EXTRACTED ENTRIES:
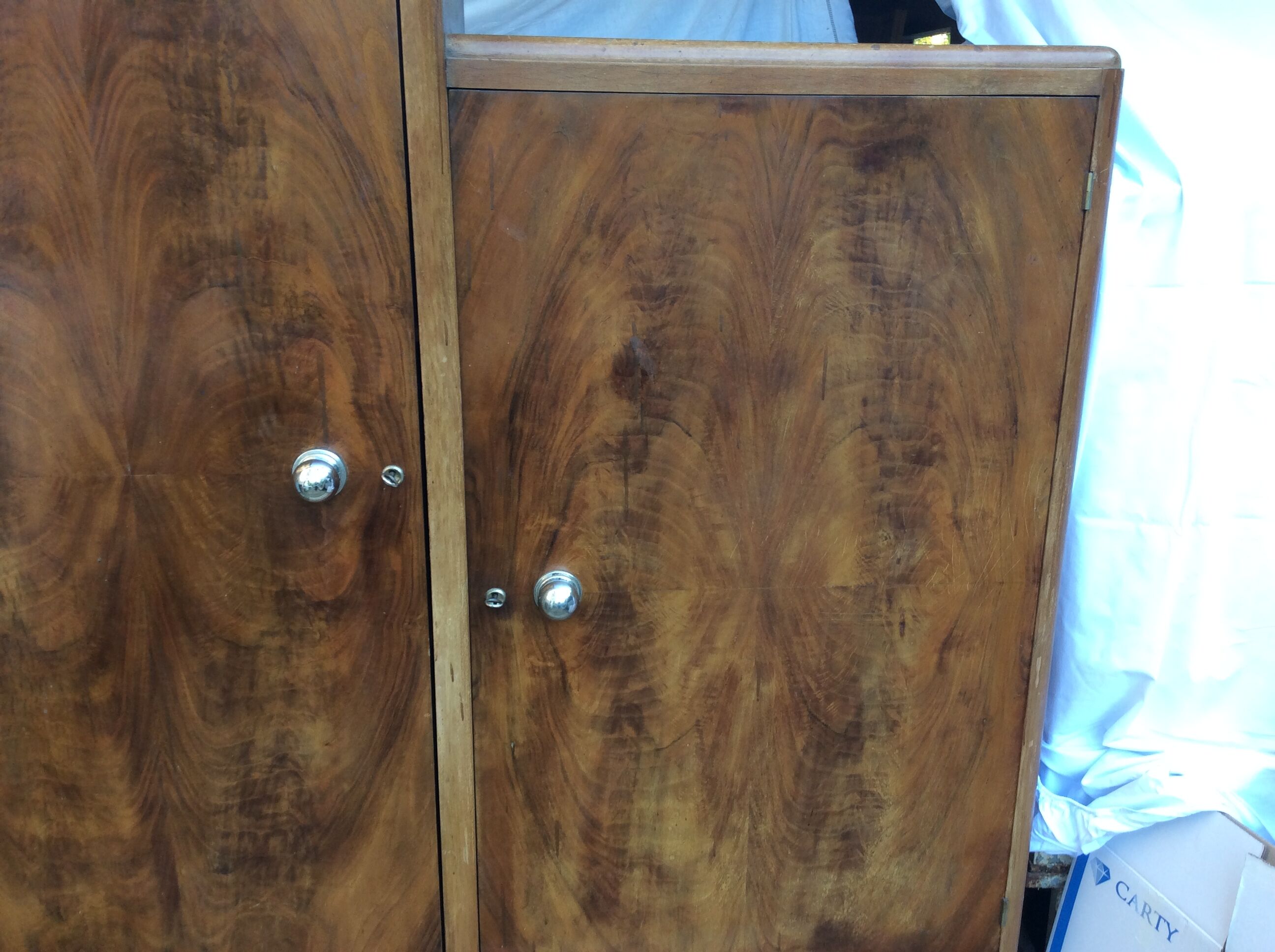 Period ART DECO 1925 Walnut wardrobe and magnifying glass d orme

--

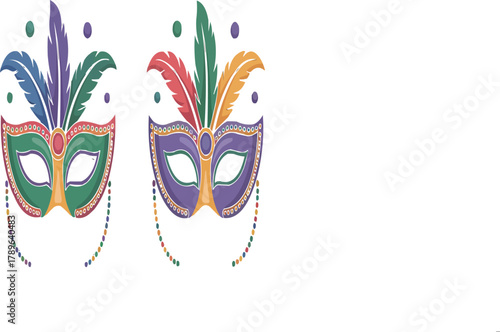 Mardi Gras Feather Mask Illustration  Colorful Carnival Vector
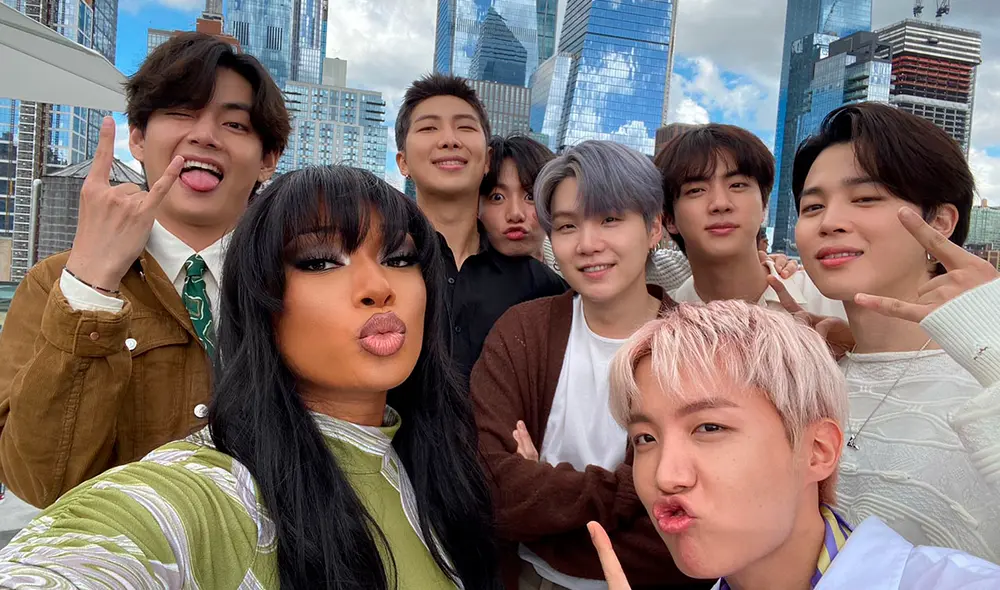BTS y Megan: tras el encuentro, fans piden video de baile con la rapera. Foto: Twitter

--

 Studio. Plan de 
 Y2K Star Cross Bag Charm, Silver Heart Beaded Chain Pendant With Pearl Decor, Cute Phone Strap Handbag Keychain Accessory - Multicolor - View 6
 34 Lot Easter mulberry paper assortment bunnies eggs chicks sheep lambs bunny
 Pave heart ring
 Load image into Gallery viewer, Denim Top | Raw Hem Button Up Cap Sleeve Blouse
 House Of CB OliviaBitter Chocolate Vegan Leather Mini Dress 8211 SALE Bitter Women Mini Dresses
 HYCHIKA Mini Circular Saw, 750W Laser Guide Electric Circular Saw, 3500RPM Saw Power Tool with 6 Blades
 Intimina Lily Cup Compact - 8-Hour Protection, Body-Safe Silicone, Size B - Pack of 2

WORK TASK: Give the number of lines in the records where the word "Mini" shows up. Nothing else belongs in the reply.

TASK OUTPUT: 2